Brief descriptive captions:
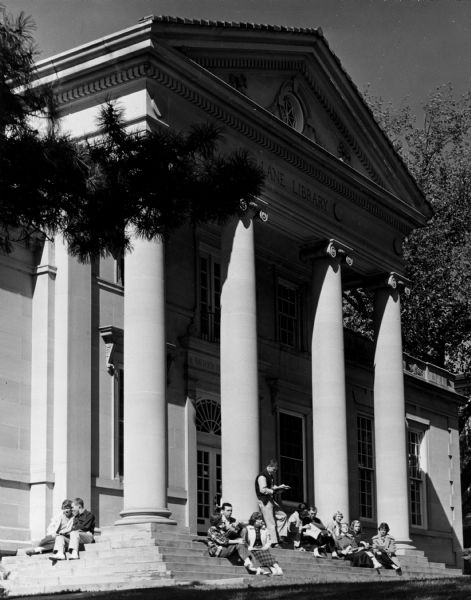 Exterior view of Lane Library at Ripon College, with groups of young people seated on the front steps.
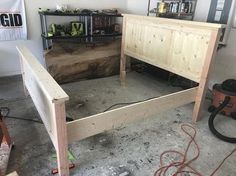 the bed frame is made up and ready to be put into place in the garage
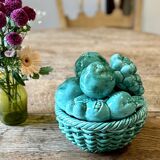 Vintage green earthenware plate/basket with fruit decorations.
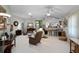 Spacious living room with an open layout, tiled floors, and an inviting atmosphere at 5500 Laver St, Leesburg, FL 34748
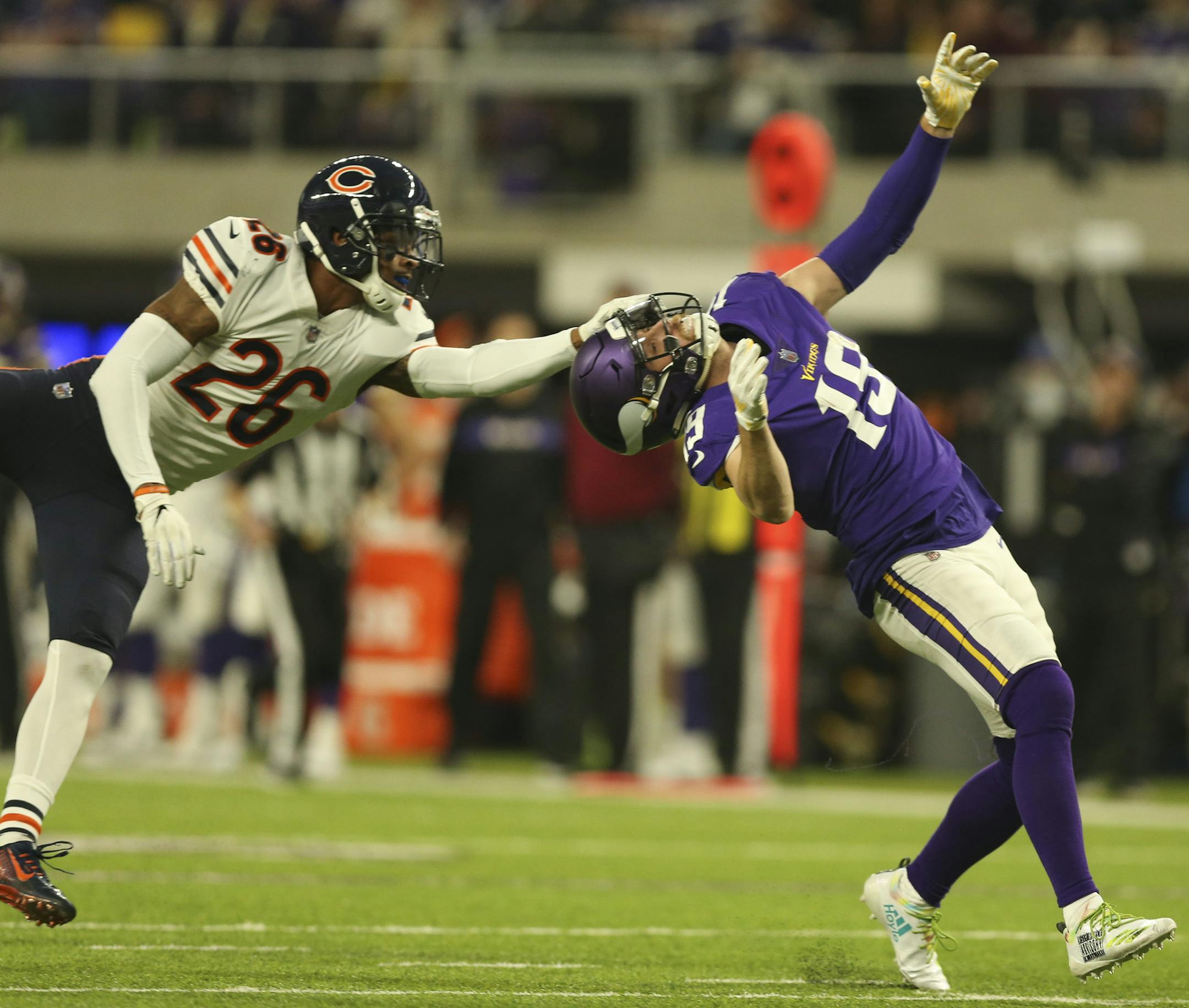 Chicago Bears defensive back Deon Bush (26) was called for a facemask penalty on Minnesota Vikings wide receiver Adam Thielen (19), helping set up a late second quarter field goal. ] JEFF WHEELER • jeff.wheeler@startribune.com The Minnesota Vikings faced the Chicago Bears in an NFL football game Sunday afternoon, December 30, 2018 at U.S. Bank Stadium in Minneapolis.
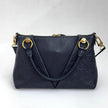 Borsa Louis Vuitton V Tote BB in pelle Monogram Empreinte nera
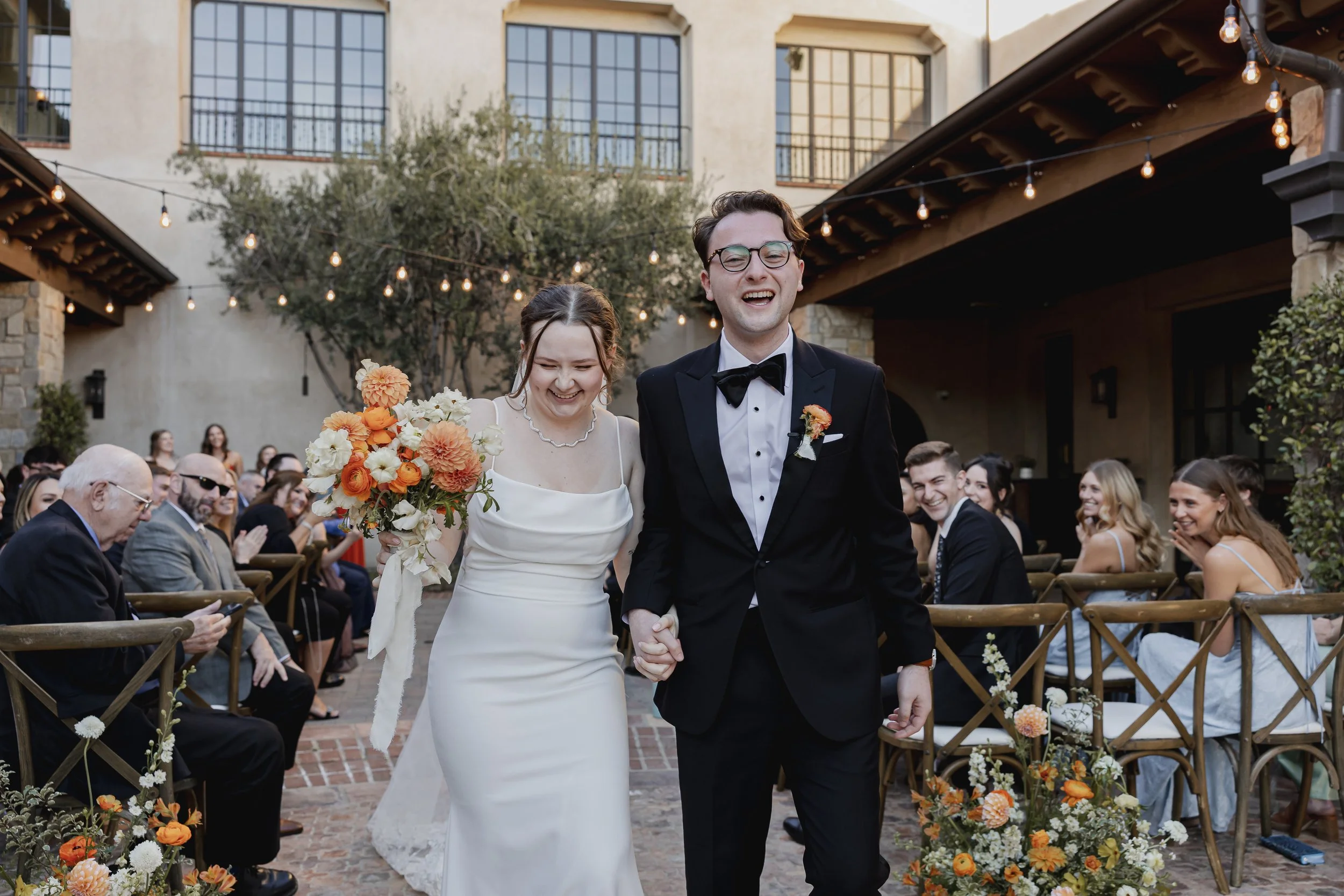 inn-at-the-mission-san-jaun-capistrano-autograph-collection-wedding-ceremony-exit-2.jpg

• **Problem details**: Exact copy, no pictures: return the entries word for word.

• **Output below**:
 Exterior view of Lane Library at Ripon College, with groups of young people seated on the front steps.
 the bed frame is made up and ready to be put into place in the garage
 Vintage green earthenware plate/basket with fruit decorations.
 Spacious living room with an open layout, tiled floors, and an inviting atmosphere at 5500 Laver St, Leesburg, FL 34748
 Chicago Bears defensive back Deon Bush (26) was called for a facemask penalty on Minnesota Vikings wide receiver Adam Thielen (19), helping set up a late second quarter field goal. ] JEFF WHEELER • jeff.wheeler@startribune.com The Minnesota Vikings faced the Chicago Bears in an NFL football game Sunday afternoon, December 30, 2018 at U.S. Bank Stadium in Minneapolis.
 Borsa Louis Vuitton V Tote BB in pelle Monogram Empreinte nera
 inn-at-the-mission-san-jaun-capistrano-autograph-collection-wedding-ceremony-exit-2.jpg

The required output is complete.